1802 novel by Germaine de Staël

Delphine is the first novel by Germaine de Staël, published in 1802. The book is written in epistolary form (as a series of letters) and examines the limits of women's freedom in an aristocratic society. Although de Staël denied political intent, the book was controversial enough for Napoleon to exile the author.

In this tragic novel, influenced by Johann Wolfgang von Goethe's The Sorrows of Young Werther and Jean-Jacques Rousseau's Julie, or the New Heloise, she reflects on the discussions on divorce in the National Assembly before the Concordat of 1801, when the laws were changed; the consequences after the Battle of Verdun (1792) leading to arrests and the September Massacres, the fate of the émigrés. The main characters have traits of Benjamin Constant and Talleyrand, and the liberalist view of the Italian politician Melzi d'Eril.

== Creation ==
In a literary and political essay called De la littérature dans ses rapports avec les institutions sociales published in 1800, Germaine de Staël wrote about the history of literature and its links with political contexts, and also advocated the ideas of the Age of Enlightenment, which did not please Napoleon. The emperor of the French was also afraid of de Staël's political relations, and suspected her to be an opponent. Delphines publication in 1802 made things even worse: de Staël was exiled from Paris, and forbidden to get closer than 40 lieues from the city.

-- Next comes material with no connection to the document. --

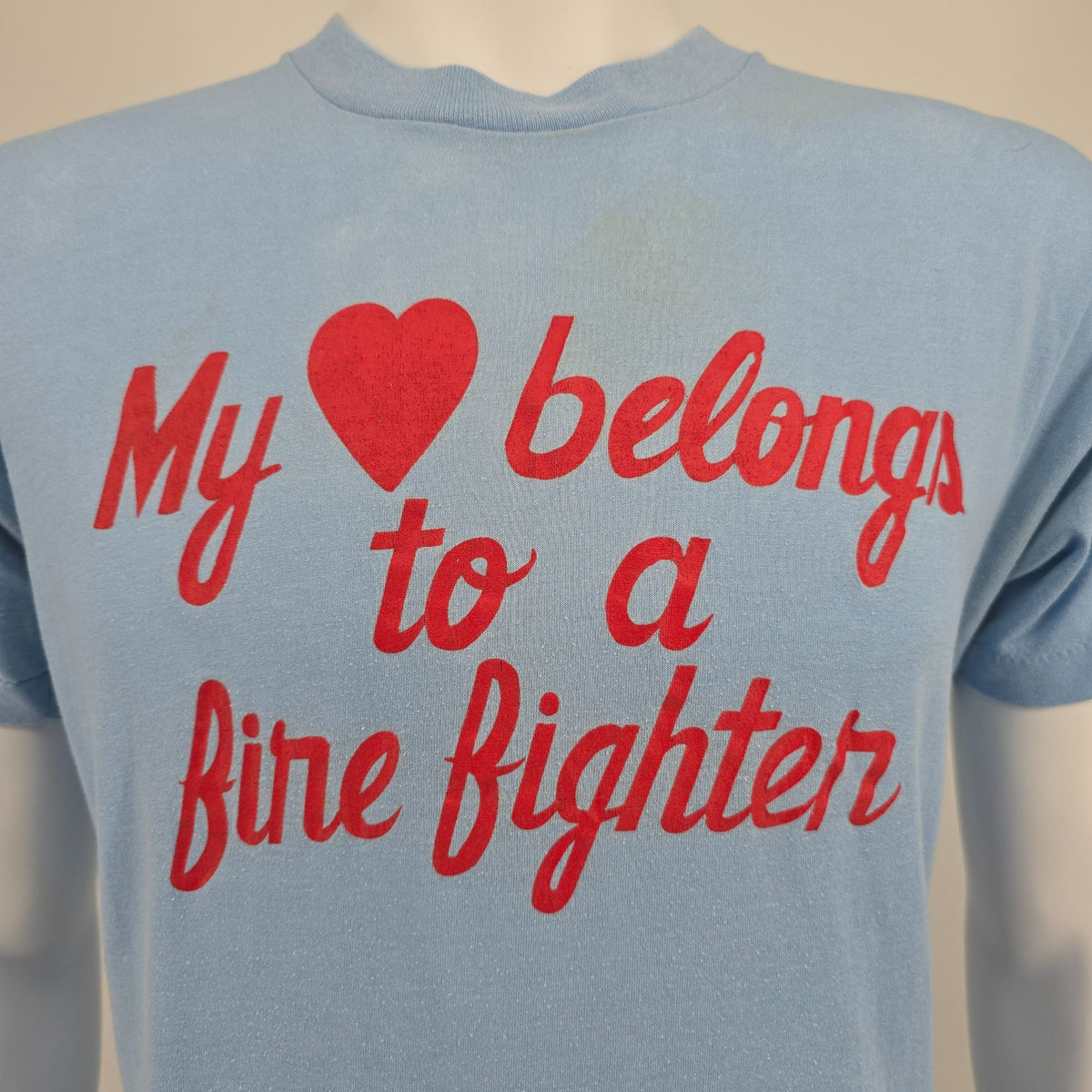 Vintage 1980s Screen Stars My Heart Belongs to a Fire Fighter T-Shirt (M)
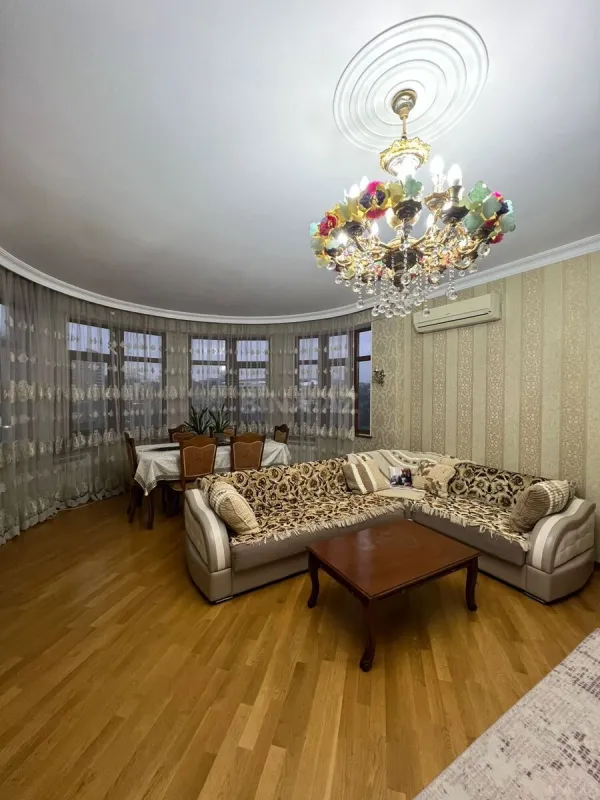 Kirayə verilir 3 otaqlı mənzil 150 m²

When publishing Delphine, she claimed she was not interested in politics any more. Yet, this novel dedicated to "the silent France" (la France silencieuse) explicitly talks about such political and sociological subjects such as women's status, Protestantism, political liberalism, and emigration.

== Summary ==
The story takes place in Paris between 1789 and 1792 during the French Revolution. Delphine d'Albémar, a young widow, arranges a wedding between one of her distant relatives, Matilde de Vernon, and Léonce de Mondoville. But she falls in love with Léonce, and as he is engaged with Matilde, their love is impossible. The story ends tragically with Delphine committing suicide.

== Main characters ==
- Delphine d'Albémar, the heroine, who gives her name to the novel. Formerly married to M. d'Albémar, she is now a widow; she is rich, generous and smart and wishes to make her friends happy. This is why she arranges the wedding of Matilde de Vernon and Léonce de Mondoville. She claims that the duty to do what is right is more important to her than the judgement of others on her doings, but when she falls in love with Léonce, she gets torn between the two, and ends up killing herself.
- Matilde de Vernon, a distant cousin and friend of Delphine. She is quite the opposite of Delphine, being discreet, bigot, but deeply in love with Léonce though she doesn't show it at first.
- Madame de Vernon, Matilde's mother, a pleasant-looking woman, but who is actually sly and acts for her own interest only. However, her character can be explained by her loveless marriage with M. de Vernon.